Sequence-Dependent Diastereospecific and Diastereodivergent Crosslinking of DNA by Decarbamoylmitomycin C.
Academic Article
Overview
abstract
Mitomycin C (MC), a potent antitumor drug, and decarbamoylmitomycin C (DMC), a derivative lacking the carbamoyl group, form highly cytotoxic DNA interstrand crosslinks. The major interstrand crosslink formed by DMC is the C1'' epimer of the major crosslink formed by MC. The molecular basis for the stereochemical configuration exhibited by DMC was investigated using biomimetic synthesis. The formation of DNA-DNA crosslinks by DMC is diastereospecific and diastereodivergent: Only the 1''S-diastereomer of the initially formed monoadduct can form crosslinks at GpC sequences, and only the 1''R-diastereomer of the monoadduct can form crosslinks at CpG sequences.

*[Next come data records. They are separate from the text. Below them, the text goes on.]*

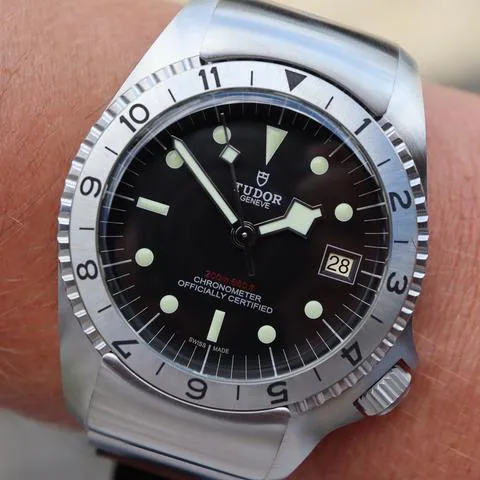 Tudor Black Bay 70150 42mm Stainless steel Black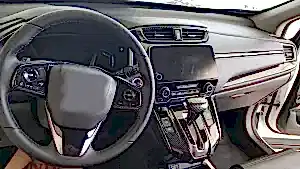Honda Cr-V Uyumlu 2017+ Karbon Direksiyon Kaplama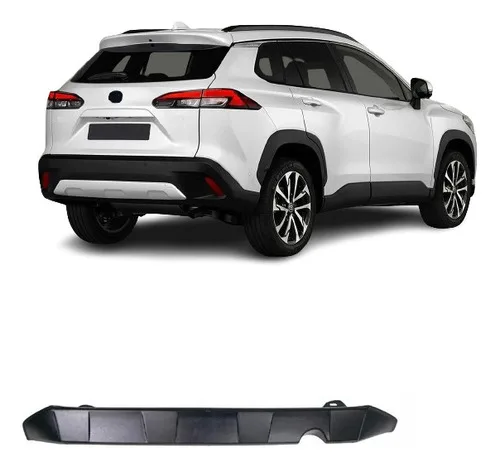 Protetor Spoiler Traseiro Corolla Cross 21/24 Tg Poli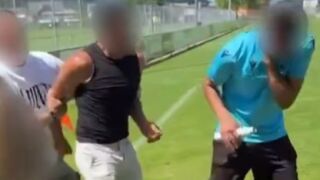 Набиха рефер на детски мач (ВИДЕО)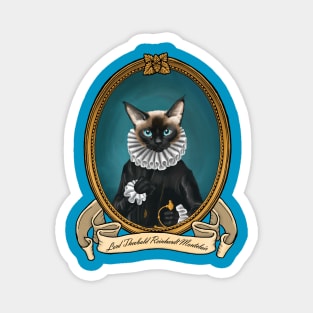 Renaissance Cat - Lord Theobald Reinhardt Montclair Magnet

We also show that CpG and GpC sequences react with divergent diastereoselectivity in the first alkylation step: 1"S stereochemistry is favored at GpC sequences and 1''R stereochemistry is favored at CpG sequences. Therefore, the first alkylation step results, at each sequence, in the selective formation of the diastereomer able to generate an interstrand DNA-DNA crosslink after the "second arm" alkylation. Examination of the known DNA adduct pattern obtained after treatment of cancer cell cultures with DMC indicates that the GpC sequence is the major target for the formation of DNA-DNA crosslinks in vivo by this drug.